(Web page caption snippets)
+---+
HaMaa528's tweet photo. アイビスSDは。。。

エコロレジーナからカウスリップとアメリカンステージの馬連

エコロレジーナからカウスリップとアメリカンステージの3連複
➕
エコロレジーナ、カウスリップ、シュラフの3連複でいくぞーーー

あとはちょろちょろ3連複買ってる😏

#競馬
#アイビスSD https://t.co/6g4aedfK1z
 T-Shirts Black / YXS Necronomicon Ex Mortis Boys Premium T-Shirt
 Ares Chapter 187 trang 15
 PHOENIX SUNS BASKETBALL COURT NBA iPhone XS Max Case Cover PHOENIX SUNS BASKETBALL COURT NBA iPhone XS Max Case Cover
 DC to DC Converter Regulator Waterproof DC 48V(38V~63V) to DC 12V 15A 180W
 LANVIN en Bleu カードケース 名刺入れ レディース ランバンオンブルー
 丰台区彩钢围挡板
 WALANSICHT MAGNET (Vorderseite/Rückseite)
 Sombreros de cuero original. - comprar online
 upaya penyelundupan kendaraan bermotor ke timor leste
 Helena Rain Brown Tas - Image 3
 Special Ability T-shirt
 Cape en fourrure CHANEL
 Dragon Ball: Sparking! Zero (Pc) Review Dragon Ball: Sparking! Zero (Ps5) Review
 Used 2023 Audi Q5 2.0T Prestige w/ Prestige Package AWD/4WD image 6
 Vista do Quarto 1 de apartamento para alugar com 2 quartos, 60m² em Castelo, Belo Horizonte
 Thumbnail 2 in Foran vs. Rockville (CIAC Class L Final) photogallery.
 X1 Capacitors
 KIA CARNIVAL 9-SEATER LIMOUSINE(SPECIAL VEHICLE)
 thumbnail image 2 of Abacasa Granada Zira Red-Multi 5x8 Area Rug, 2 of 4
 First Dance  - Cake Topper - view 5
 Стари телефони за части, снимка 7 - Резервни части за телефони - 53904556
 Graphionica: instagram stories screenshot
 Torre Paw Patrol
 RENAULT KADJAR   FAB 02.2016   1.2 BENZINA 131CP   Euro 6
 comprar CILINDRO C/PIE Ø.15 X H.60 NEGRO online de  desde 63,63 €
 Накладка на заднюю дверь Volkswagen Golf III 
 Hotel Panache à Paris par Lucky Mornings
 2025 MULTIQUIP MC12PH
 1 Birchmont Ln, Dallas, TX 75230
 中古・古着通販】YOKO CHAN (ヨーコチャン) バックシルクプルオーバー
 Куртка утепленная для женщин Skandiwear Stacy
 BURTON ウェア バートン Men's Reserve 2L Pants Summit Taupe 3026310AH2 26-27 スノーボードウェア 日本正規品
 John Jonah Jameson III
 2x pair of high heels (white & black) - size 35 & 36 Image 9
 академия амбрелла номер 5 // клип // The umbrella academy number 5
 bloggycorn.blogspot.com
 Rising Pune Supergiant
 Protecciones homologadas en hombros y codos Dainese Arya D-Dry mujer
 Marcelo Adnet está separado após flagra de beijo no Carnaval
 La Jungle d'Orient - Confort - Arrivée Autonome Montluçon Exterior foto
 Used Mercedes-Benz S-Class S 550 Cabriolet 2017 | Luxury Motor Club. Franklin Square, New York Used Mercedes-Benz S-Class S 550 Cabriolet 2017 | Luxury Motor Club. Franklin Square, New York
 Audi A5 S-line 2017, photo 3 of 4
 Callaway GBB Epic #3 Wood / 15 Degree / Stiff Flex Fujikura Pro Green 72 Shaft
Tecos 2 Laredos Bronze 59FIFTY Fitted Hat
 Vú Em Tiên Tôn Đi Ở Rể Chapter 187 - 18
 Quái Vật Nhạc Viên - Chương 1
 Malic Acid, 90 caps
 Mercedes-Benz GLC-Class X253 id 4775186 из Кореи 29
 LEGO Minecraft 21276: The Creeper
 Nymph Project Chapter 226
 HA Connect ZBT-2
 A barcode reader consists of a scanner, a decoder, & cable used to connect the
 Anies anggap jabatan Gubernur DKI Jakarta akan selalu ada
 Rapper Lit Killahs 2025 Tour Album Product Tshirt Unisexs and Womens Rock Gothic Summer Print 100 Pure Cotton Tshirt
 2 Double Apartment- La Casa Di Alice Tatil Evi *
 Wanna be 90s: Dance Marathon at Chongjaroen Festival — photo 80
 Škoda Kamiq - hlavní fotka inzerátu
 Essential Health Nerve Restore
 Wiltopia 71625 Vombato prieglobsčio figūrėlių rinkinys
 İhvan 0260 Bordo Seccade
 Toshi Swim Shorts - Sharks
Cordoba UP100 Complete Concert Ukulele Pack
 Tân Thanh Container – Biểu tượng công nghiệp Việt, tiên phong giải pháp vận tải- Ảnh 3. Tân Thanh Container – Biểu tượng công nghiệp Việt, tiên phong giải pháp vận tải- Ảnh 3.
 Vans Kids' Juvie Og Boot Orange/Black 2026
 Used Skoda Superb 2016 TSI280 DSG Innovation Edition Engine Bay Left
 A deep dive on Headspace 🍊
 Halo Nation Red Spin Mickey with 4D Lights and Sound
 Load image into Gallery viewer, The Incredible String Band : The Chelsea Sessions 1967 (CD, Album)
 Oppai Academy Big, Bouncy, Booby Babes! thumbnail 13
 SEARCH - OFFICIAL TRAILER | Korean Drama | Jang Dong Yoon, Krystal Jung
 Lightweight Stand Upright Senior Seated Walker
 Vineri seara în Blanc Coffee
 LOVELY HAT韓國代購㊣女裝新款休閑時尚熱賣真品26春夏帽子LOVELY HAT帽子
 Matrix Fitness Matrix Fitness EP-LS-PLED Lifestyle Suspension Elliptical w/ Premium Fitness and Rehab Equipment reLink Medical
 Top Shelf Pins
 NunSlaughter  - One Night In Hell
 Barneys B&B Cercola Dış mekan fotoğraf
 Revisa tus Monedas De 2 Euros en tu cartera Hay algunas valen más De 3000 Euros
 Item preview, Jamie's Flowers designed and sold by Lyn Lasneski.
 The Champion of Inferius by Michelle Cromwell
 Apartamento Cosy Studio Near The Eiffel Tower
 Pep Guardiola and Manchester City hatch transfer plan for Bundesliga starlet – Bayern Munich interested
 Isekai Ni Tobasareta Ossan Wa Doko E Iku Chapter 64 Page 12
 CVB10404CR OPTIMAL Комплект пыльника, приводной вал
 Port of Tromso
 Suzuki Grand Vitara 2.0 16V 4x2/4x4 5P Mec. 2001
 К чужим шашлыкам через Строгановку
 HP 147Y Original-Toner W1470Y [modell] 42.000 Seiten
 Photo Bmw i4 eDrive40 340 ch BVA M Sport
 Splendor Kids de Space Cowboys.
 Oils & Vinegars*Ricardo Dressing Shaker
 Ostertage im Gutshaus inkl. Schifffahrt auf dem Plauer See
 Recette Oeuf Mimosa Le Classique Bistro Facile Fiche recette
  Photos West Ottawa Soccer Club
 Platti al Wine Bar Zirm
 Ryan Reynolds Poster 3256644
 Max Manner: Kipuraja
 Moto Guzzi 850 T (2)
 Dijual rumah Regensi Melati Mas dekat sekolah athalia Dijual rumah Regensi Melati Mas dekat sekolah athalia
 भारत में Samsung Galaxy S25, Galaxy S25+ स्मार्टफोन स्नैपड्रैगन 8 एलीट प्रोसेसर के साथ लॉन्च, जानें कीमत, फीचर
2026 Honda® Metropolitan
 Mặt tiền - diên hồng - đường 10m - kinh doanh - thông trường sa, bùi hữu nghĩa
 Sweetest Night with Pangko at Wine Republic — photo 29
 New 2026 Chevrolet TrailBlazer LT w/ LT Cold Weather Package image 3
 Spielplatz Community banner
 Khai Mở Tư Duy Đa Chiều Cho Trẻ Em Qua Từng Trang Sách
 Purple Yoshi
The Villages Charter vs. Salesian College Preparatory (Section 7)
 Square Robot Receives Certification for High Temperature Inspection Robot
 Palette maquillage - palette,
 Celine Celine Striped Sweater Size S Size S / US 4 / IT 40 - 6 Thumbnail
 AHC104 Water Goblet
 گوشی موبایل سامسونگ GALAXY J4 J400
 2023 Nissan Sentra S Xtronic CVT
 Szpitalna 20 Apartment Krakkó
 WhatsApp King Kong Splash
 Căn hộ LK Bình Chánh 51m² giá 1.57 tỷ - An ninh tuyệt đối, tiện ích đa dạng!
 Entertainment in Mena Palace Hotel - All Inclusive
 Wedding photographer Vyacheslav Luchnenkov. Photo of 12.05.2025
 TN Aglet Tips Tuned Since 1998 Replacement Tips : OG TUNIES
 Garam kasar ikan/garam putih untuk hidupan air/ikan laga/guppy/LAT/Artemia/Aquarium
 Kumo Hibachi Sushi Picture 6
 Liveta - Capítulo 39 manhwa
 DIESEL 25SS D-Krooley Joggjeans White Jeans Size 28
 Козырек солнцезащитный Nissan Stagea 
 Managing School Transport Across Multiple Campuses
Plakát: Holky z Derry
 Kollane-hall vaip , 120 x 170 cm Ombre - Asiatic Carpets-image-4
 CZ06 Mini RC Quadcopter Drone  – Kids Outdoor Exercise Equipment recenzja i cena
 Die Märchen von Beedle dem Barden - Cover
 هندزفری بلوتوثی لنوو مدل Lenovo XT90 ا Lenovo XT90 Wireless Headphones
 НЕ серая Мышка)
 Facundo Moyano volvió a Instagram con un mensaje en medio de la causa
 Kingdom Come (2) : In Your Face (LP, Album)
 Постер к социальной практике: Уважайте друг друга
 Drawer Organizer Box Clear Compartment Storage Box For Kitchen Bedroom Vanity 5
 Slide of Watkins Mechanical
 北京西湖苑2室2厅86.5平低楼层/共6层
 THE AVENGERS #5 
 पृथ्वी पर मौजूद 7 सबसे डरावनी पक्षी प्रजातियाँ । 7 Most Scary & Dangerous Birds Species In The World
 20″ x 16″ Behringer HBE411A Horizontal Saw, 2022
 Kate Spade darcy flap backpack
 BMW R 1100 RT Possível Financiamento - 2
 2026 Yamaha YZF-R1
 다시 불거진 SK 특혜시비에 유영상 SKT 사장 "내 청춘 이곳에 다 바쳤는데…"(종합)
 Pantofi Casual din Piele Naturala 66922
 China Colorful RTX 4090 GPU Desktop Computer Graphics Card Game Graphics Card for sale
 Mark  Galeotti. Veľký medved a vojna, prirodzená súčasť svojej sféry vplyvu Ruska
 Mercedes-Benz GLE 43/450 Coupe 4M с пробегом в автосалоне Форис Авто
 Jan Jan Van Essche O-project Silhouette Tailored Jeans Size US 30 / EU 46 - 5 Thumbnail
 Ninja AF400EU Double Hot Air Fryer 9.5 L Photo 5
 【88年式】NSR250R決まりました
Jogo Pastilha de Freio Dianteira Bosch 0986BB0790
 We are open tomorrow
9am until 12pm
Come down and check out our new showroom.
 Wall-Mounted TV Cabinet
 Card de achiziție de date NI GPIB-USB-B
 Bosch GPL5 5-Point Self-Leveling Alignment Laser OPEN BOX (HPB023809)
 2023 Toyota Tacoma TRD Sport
+---+
• Task instructions
Extract from the records above the lines from the one containing "Dragon Ball: Sparking! Zero (Pc)" to the one containing "1.2 BENZINA 131CP", both lines included, exactly as they appear and with nothing else.

• Result below
 Dragon Ball: Sparking! Zero (Pc) Review Dragon Ball: Sparking! Zero (Ps5) Review
 Used 2023 Audi Q5 2.0T Prestige w/ Prestige Package AWD/4WD image 6
 Vista do Quarto 1 de apartamento para alugar com 2 quartos, 60m² em Castelo, Belo Horizonte
 Thumbnail 2 in Foran vs. Rockville (CIAC Class L Final) photogallery.
 X1 Capacitors
 KIA CARNIVAL 9-SEATER LIMOUSINE(SPECIAL VEHICLE)
 thumbnail image 2 of Abacasa Granada Zira Red-Multi 5x8 Area Rug, 2 of 4
 First Dance  - Cake Topper - view 5
 Стари телефони за части, снимка 7 - Резервни части за телефони - 53904556
 Graphionica: instagram stories screenshot
 Torre Paw Patrol
 RENAULT KADJAR   FAB 02.2016   1.2 BENZINA 131CP   Euro 6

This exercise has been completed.